British Airways is another great example of participatory management. During economic downsizing,
employees’ suggestions helped them cut annual cost of their operations by 4.5 million pounds.

Employee welfare

Employee welfare means “the efforts to make life worth living for workmen.” According to Todd
“employee welfare means anything done for the comfort and improvement, intellectual or social, of the
employees over and above the wages paid which is not a necessity of the industry.”
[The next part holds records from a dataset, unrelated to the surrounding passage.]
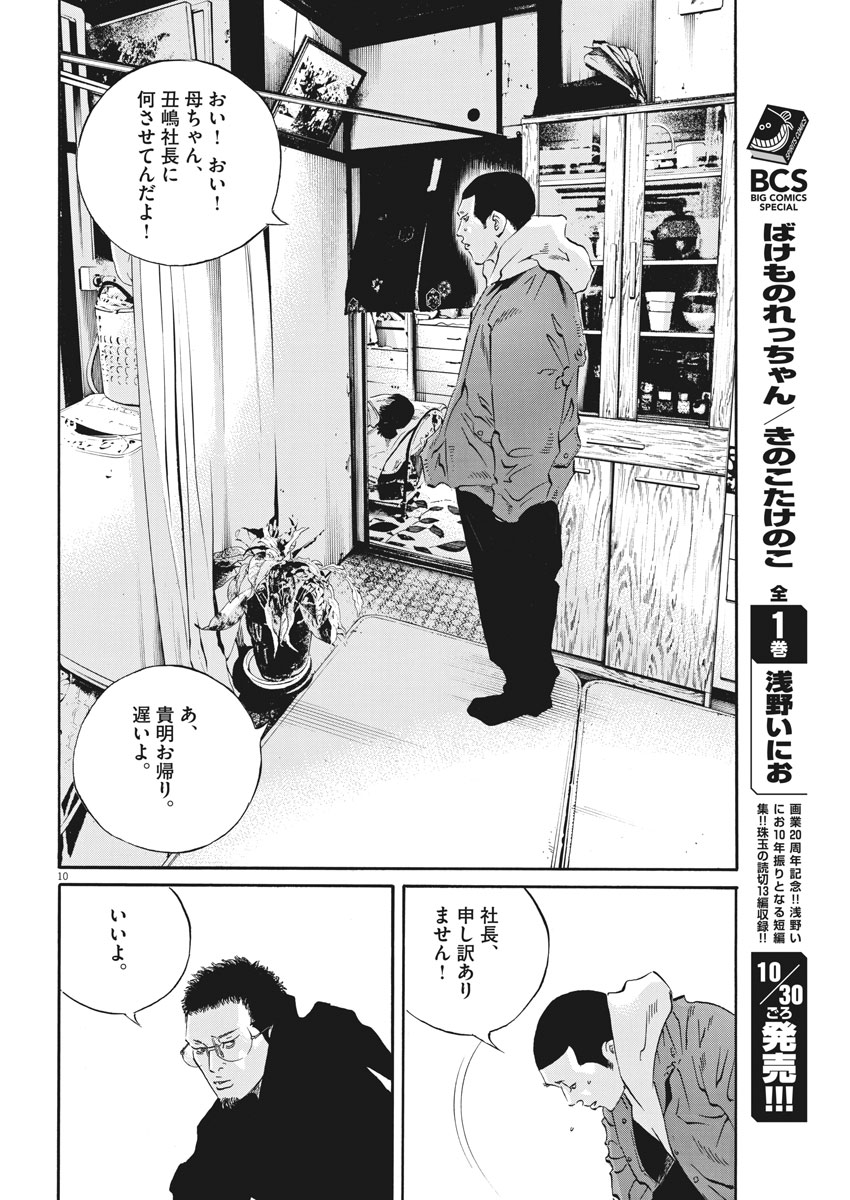 闇金ウシジマくん 第481話 - Page 10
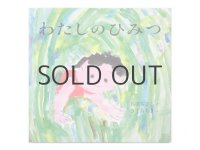 【新品／新刊】 石津ちひろ／きくちちき「わたしのひみつ」2014年
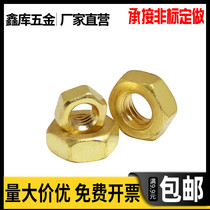 Brass Hex Nut Screw Cap M1 2M2 5M3M4M5M6M8M10M12M14M16M18M20M22M24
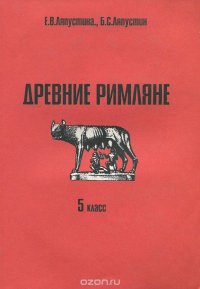 Древние римляне на войне и в мирной жизни. 5 класс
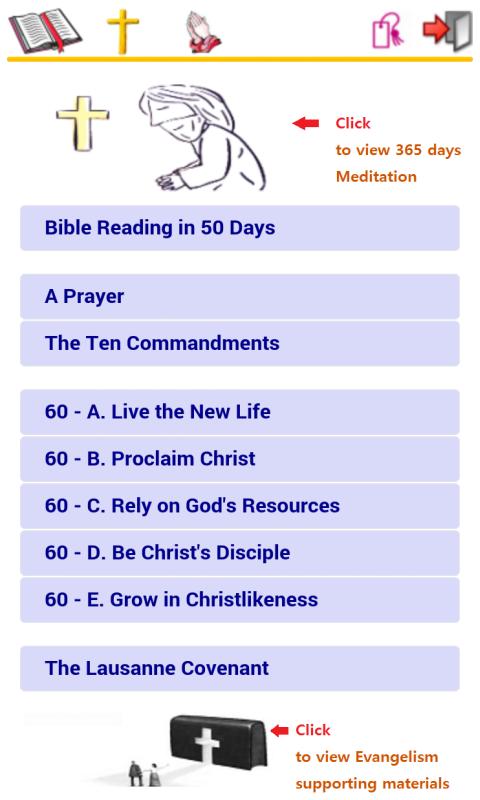 Simple Bible - Dari (Farsi)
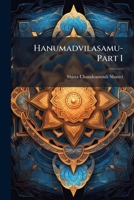 Hanumadvilasamu-Part I 1176040596 Book Cover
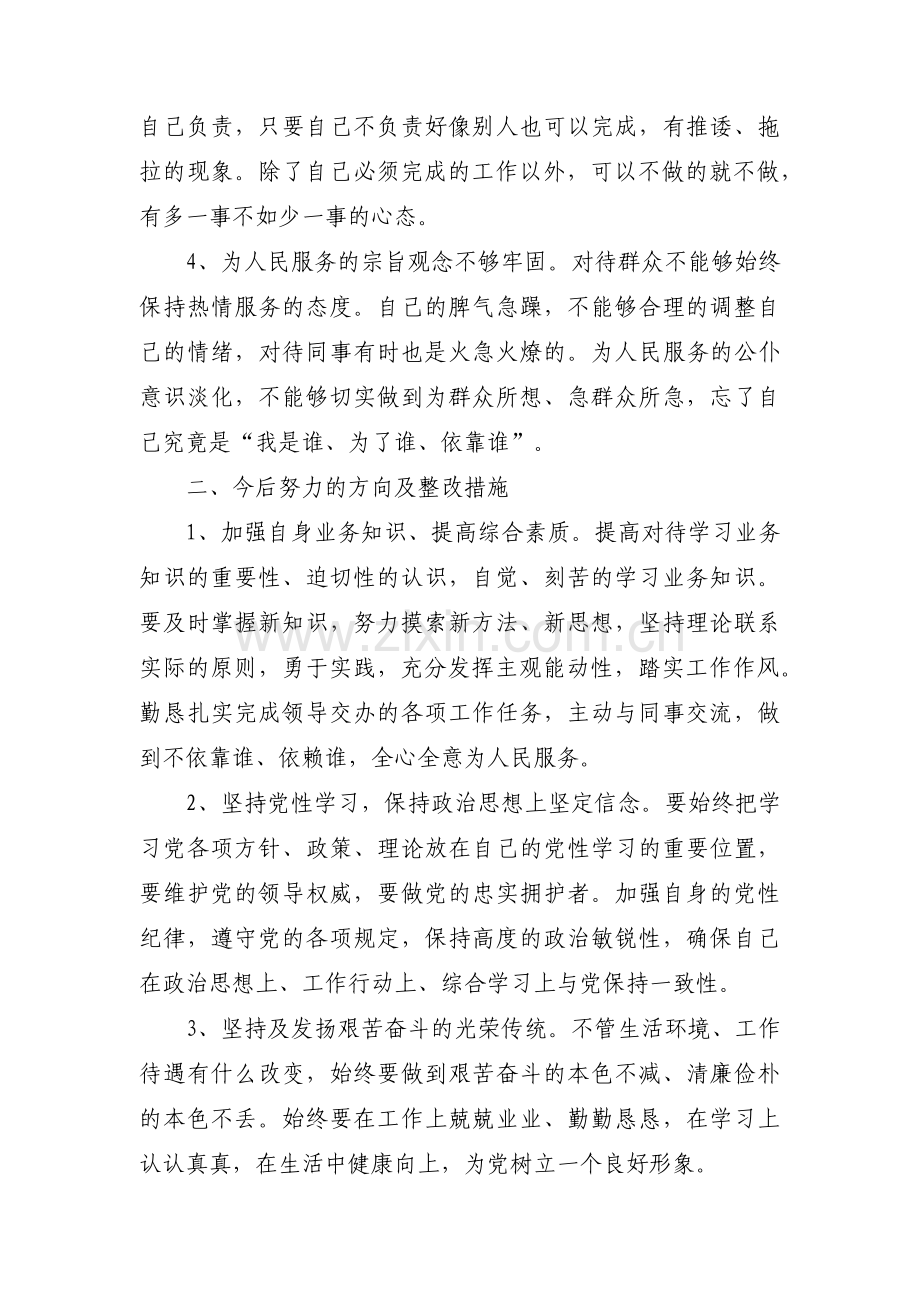 基层干部政治素质方面存在问题4篇.pdf_第2页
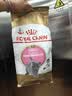 皇家猫粮 英短幼猫粮 BSK38 通用粮 4-12月 2KG 实拍图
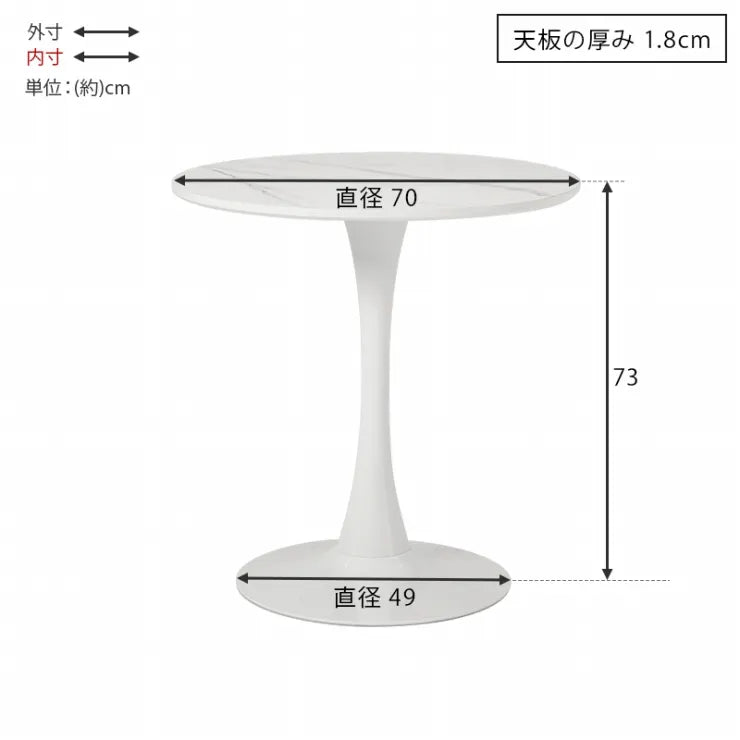 カフェテーブル BT-8658 幅70cm 奥行き70cm 高さ73cm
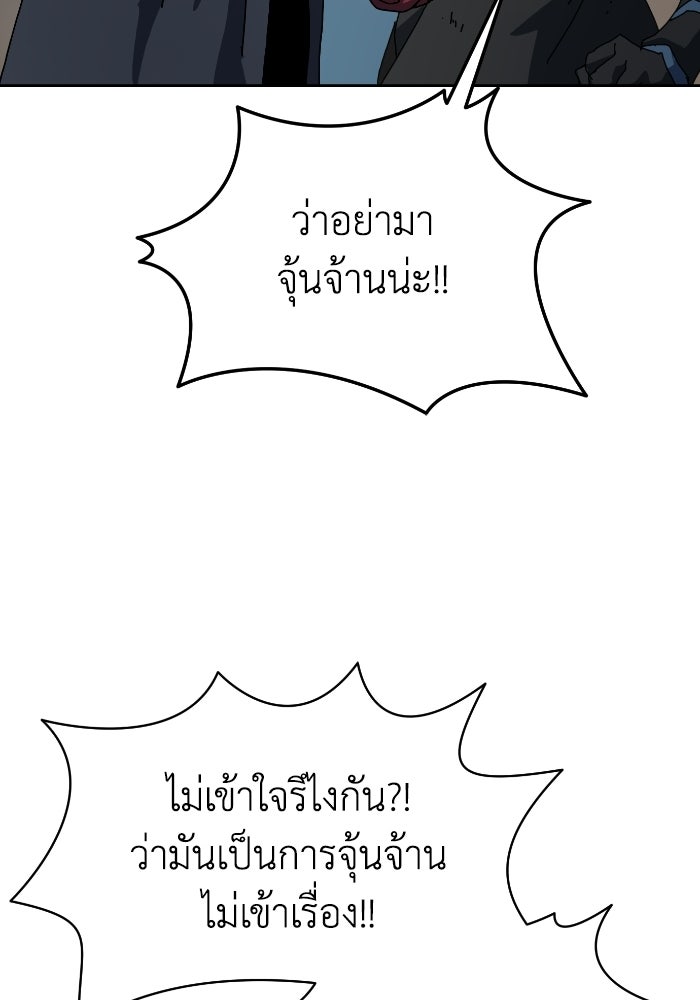หลักสูตรมหาจอมเวท - หน้า 53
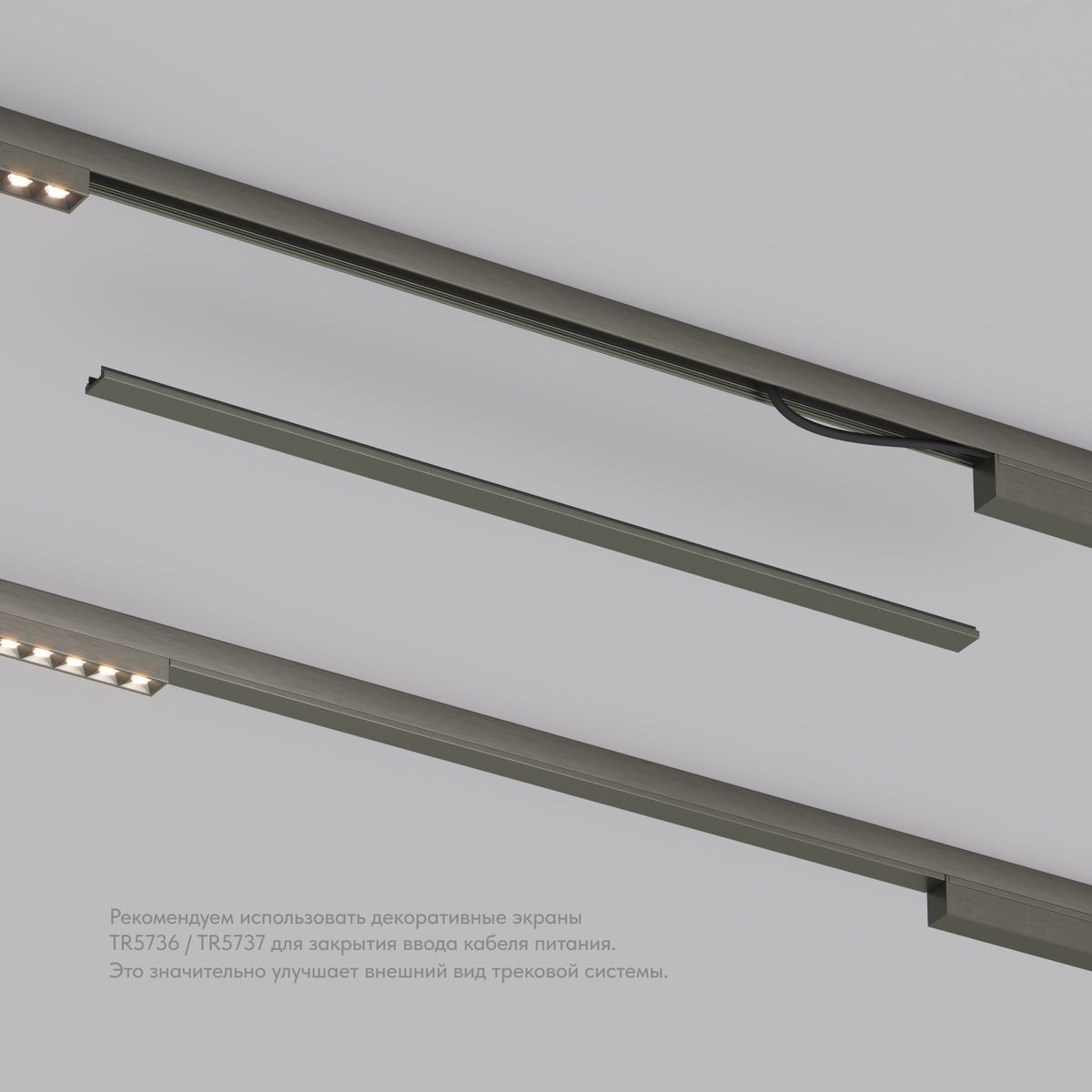 Вставка декоративная Denkirs Shine Base TR5737-DN 5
Employee welfare is a comprehensive term including various services, facilities and amenities provided
to employees for their betterment. It generally includes those items of welfare that is provided by
statutory provisions or required by the customs of the industry or the expectations of employees from
the contract of service from the employers.

employee welfare agencies

5.1. Central government

The central government has made elaborate provisions for the health, safety and welfare under
Factories Act 1948, and Mines Act 1952. These acts provide for canteens, crèches, rest rooms, shelters
etc.

5.2. State government

Government in different states and Union Territories provide welfare facilities to workers. State
government prescribes rules for the welfare of the workers and ensures compliance with the provisions
under various labor laws.

5.3. Employers

Employers in India in general looked upon welfare work as fruitless and barren though some of them
indeed had done pioneering work.

5.4. Trade unions

In India, trade unions have done little for the welfare of workers. But few sound and strong unions have
been the pioneering in this respect. E.g. The Ahmedabad textiles labor association and the Mazdoor
Sabha, Kanpur.
5.5. Other agencies

Some philanthropic, charitable social service organizations like: – Seva Sadan society, Y.M.C.A. etc. are
contributing towards employee welfare.